C ★ 7.5k updated 2d ago

Linux namespaces and seccomp-bpf sandbox

Firejail is a Linux security tool that runs any application inside an isolated sandbox using standard kernel features, so a compromised program can't access or damage the rest of your system.

CLinuxsetup: moderatecomplexity 3/5

Firejail is a security tool for Linux that runs applications inside a restricted environment, limiting what they can access or affect on the rest of your computer. The idea is that if a program is compromised, the damage it can do is contained. It is written in C, has almost no external dependencies, and works on any Linux system running a kernel from version 3.x onward.
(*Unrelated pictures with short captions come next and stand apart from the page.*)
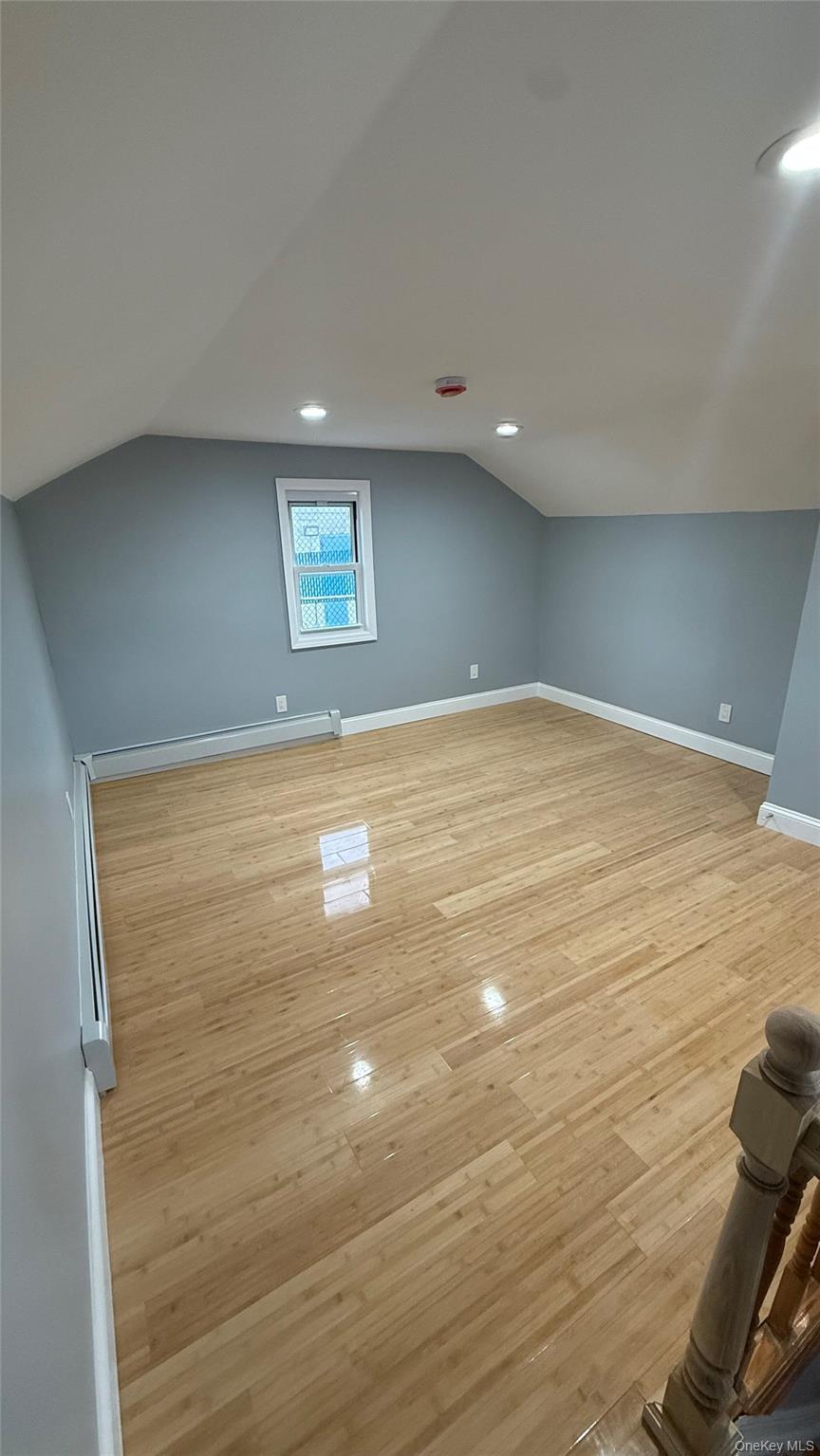 116-45 195th Street Queens, NY 11412 - Photo 17 of 21 a view of an empty room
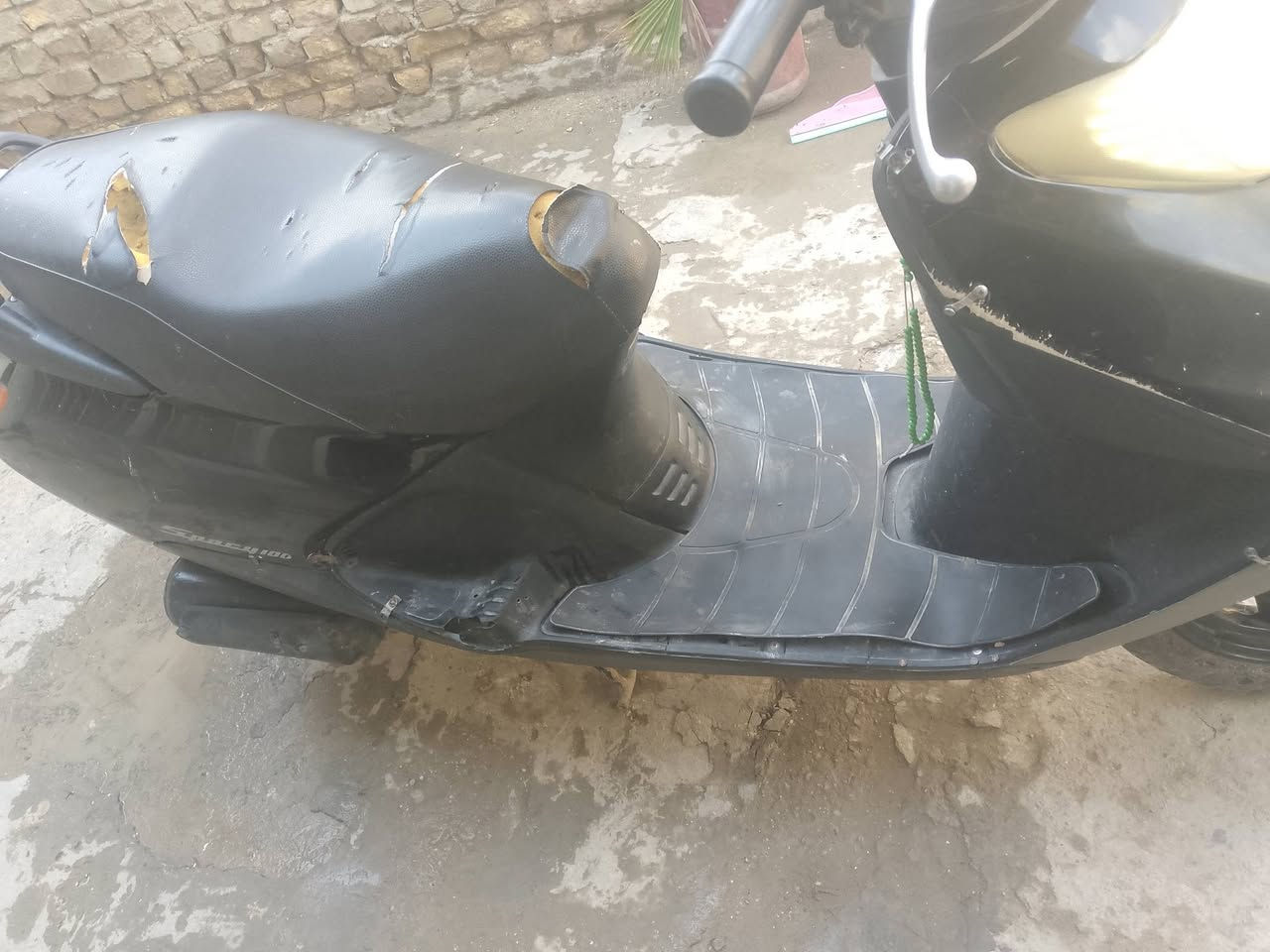 شباب دراجه للبيع سبيسي ياباني شغاله ومكينه ناعمه بس شويه الكابريتر ماله تعبان شغاله تشتغل ما مفتوحه لوك  سعره 300  وبيه مجال مكاني العبيدي رئاسه


**إذا كنت صاحب هذا الإعلان وتريد حذفه لأي سبب، رجاءا أرسل رسالة إلى الدعم الفني**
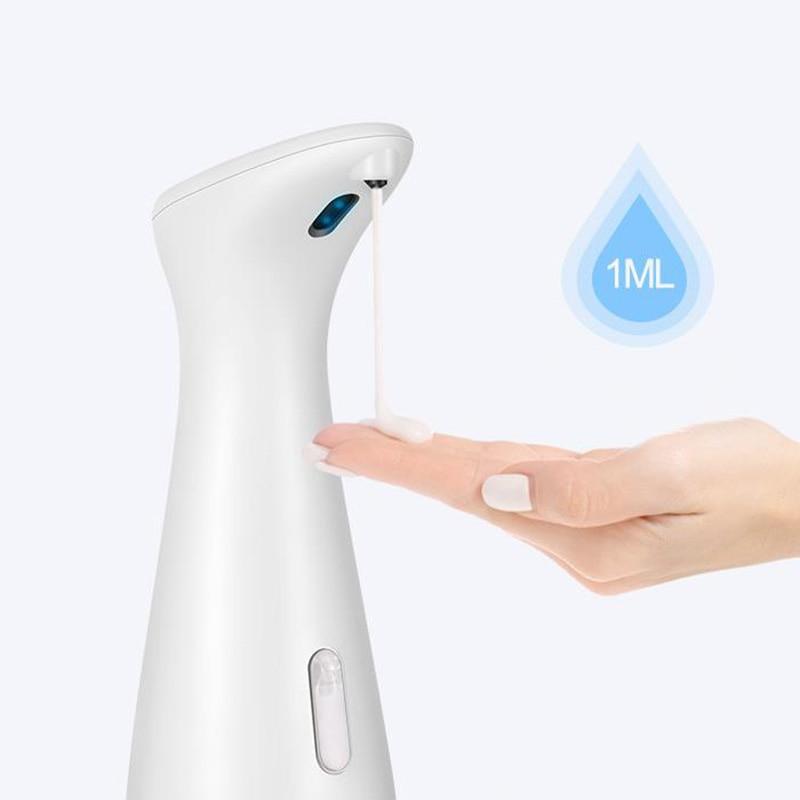 Automatic Liquid Soap Dispenser Yellow Pandora
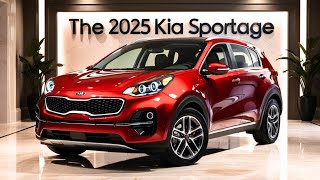 Unveil of the 2025 Kia Sportage Discover the Latest Innovations and Features [upl. by Muncey14]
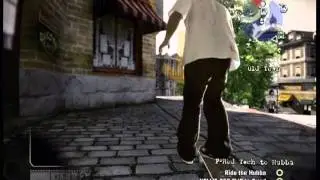 EA Skate. Pro Challengers (Paul Rodriguez or P-Rod)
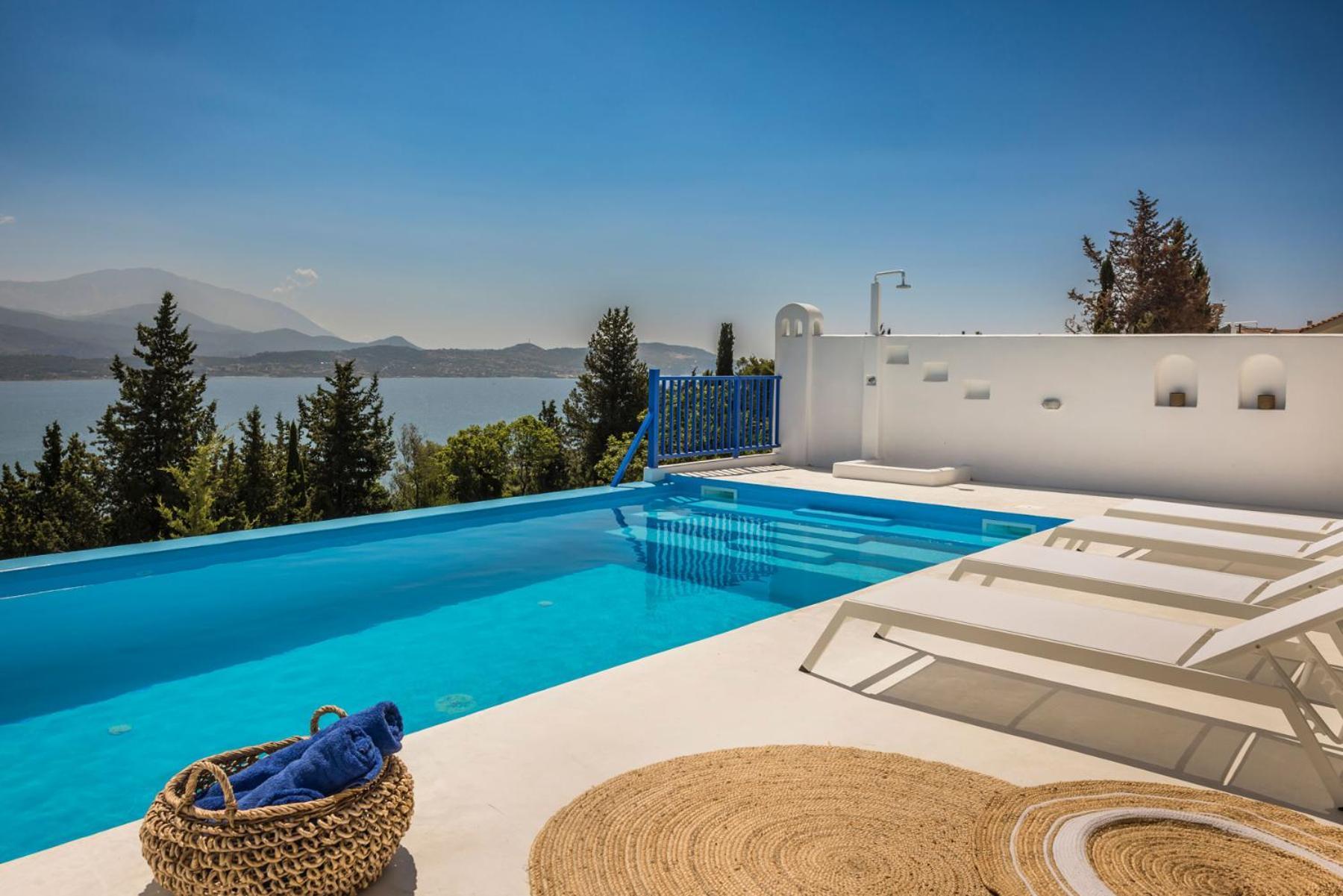 Villa Camelia-iris Sunset Lepedha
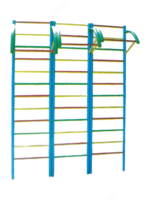 СП OOO "EURASIA ALLIANCE TEX" - Элементы детских площадок (комплект детской площадки)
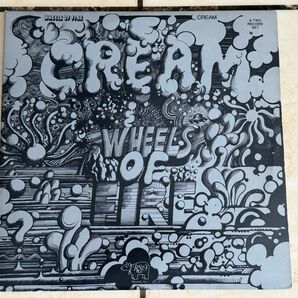 ◆希少Cream / Wheels Of Fire/2LPレコードUS盤◆ CREAM◆クリームの素晴らしき世界◆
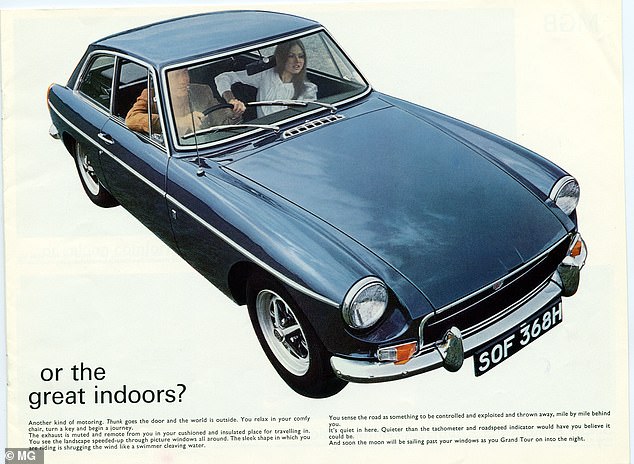 The MGB GT arrived three years after the MGB roadster, meaning it will celebrate its 60th anniversary in 2025. Its fastback roof was designed by legendary design house Pininfarina and boasted a glorious appearance.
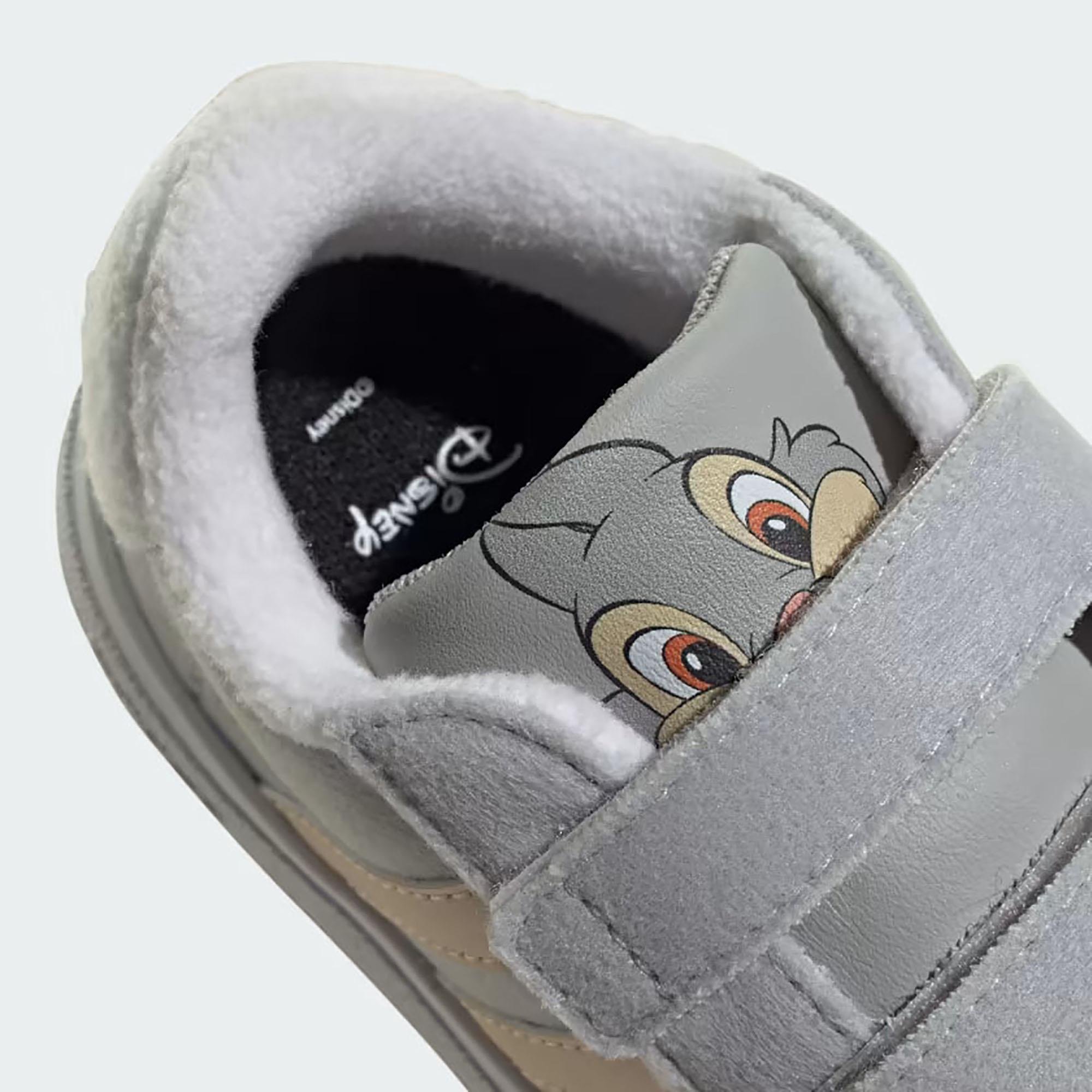 Adidas Bebek Tenis Spor Ayakkabı Grand Court Thumper Ig0451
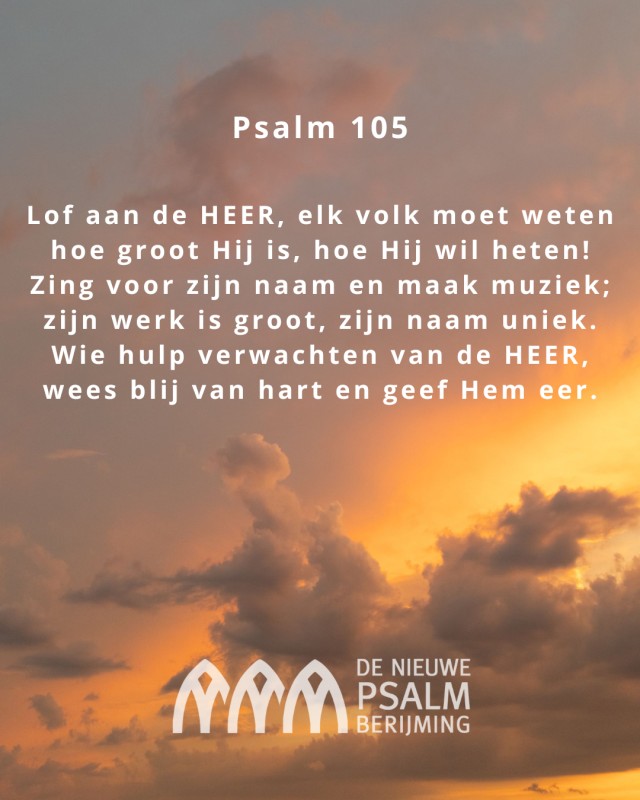 Psalm 105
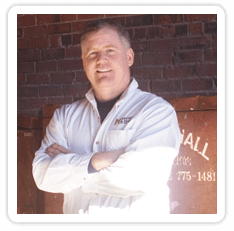 Rob Bergeron, Owner & CEO of Hascall & Hall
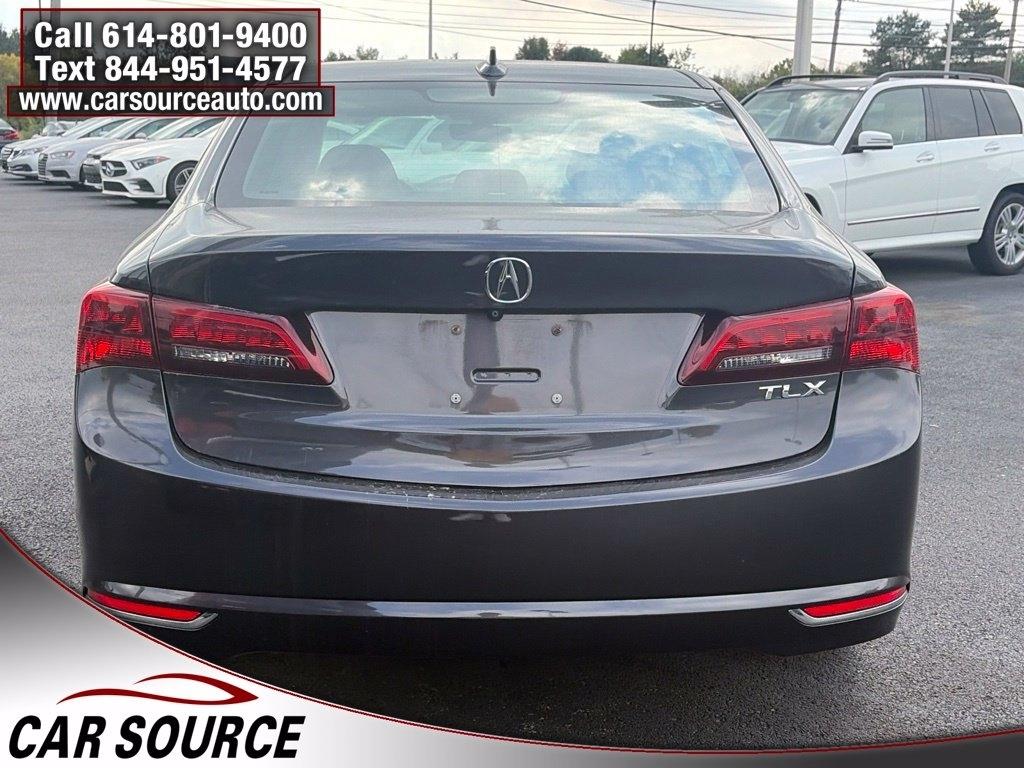 Acura TLX  2015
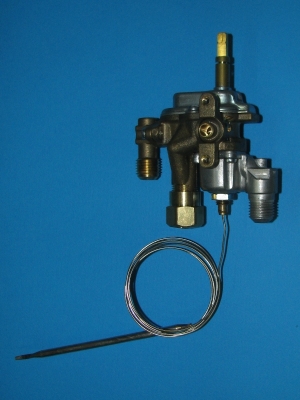 Кран газовый с термостатом для духовки Gorenje 308373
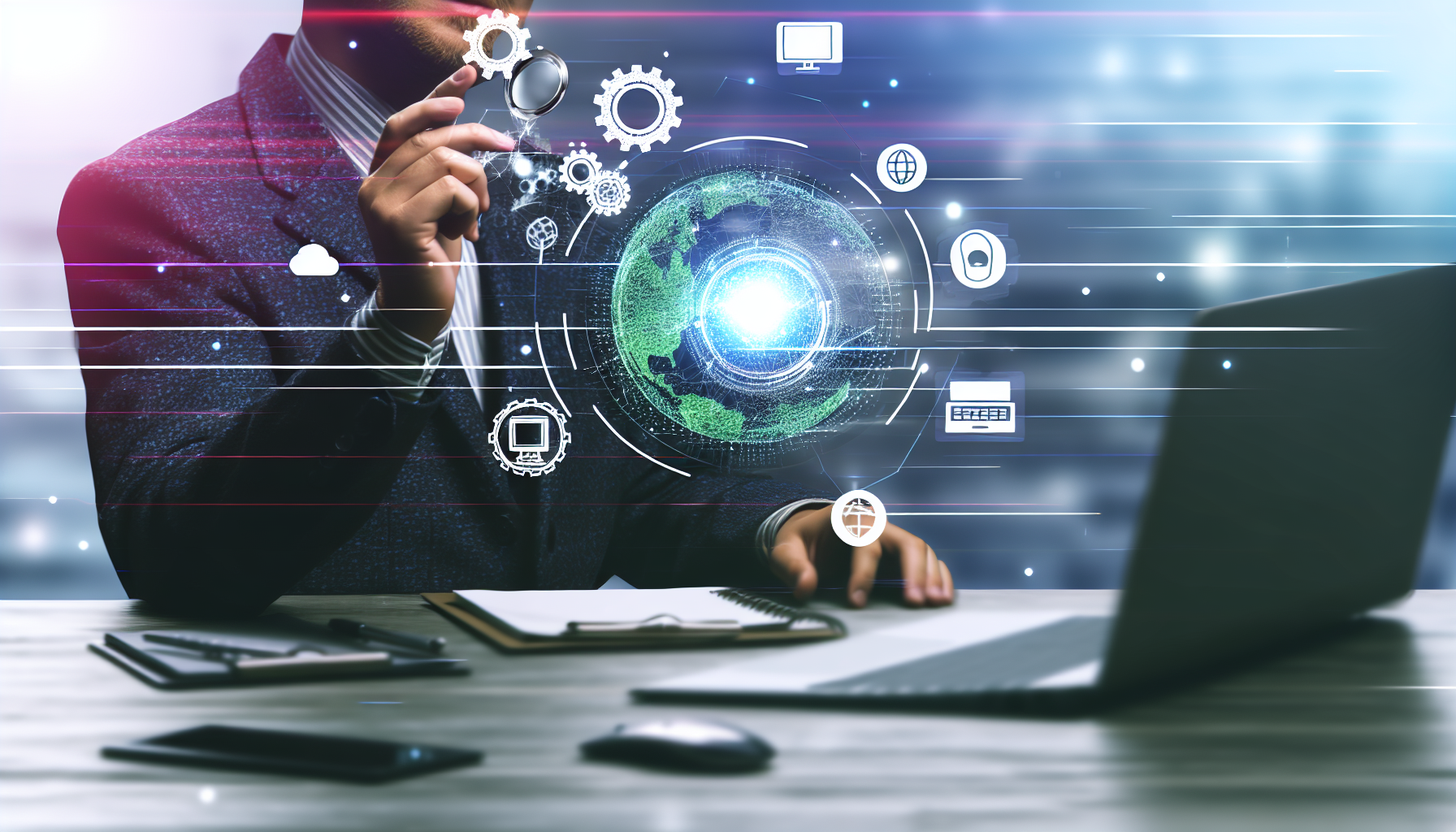 Mastering Digital Transformation: A Comprehensive Guide for Businesses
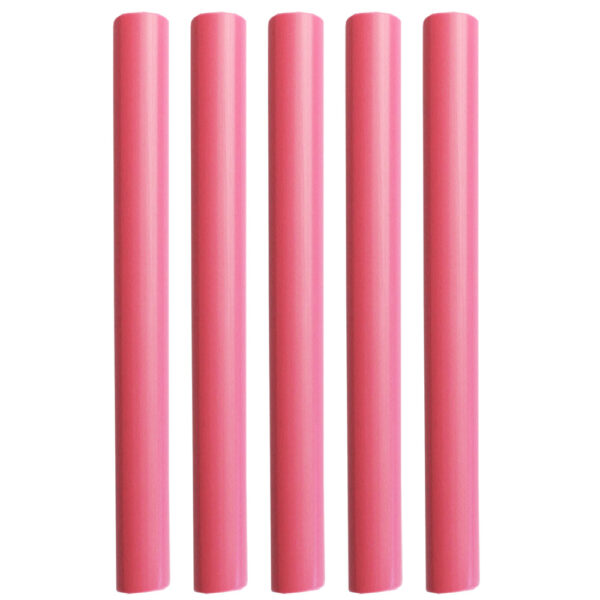 Pacer Battery Cable Heat Shrink Tubing - 3-8" x 12" - Red (5-Pieces)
Under the hood, it uses a set of Linux kernel features: namespaces (which give each sandboxed process its own isolated view of the network, running processes, and file system mounts), seccomp-bpf (which restricts which system calls a process is allowed to make), and Linux capabilities (which control what privileged operations a process can perform). These are all standard kernel mechanisms, so no daemons need to run in the background and there are no complicated configuration files to set up.

The tool can sandbox graphical desktop applications, servers, and even full user login sessions. It ships with ready-made security profiles for widely used programs like Firefox, Chromium, VLC, and Transmission, so in many cases you can start using it without writing any configuration yourself. It can also work alongside SELinux, AppArmor, and Linux Control Groups if those are already in use on the system.

Installation is available through most major Linux distributions, including Debian and Ubuntu, though the README notes that distribution-packaged versions may lag behind the latest release. The project recommends installing from the GitHub releases page or building from source when an up-to-date version matters. A video channel with tutorials and an IRC channel are available for getting started.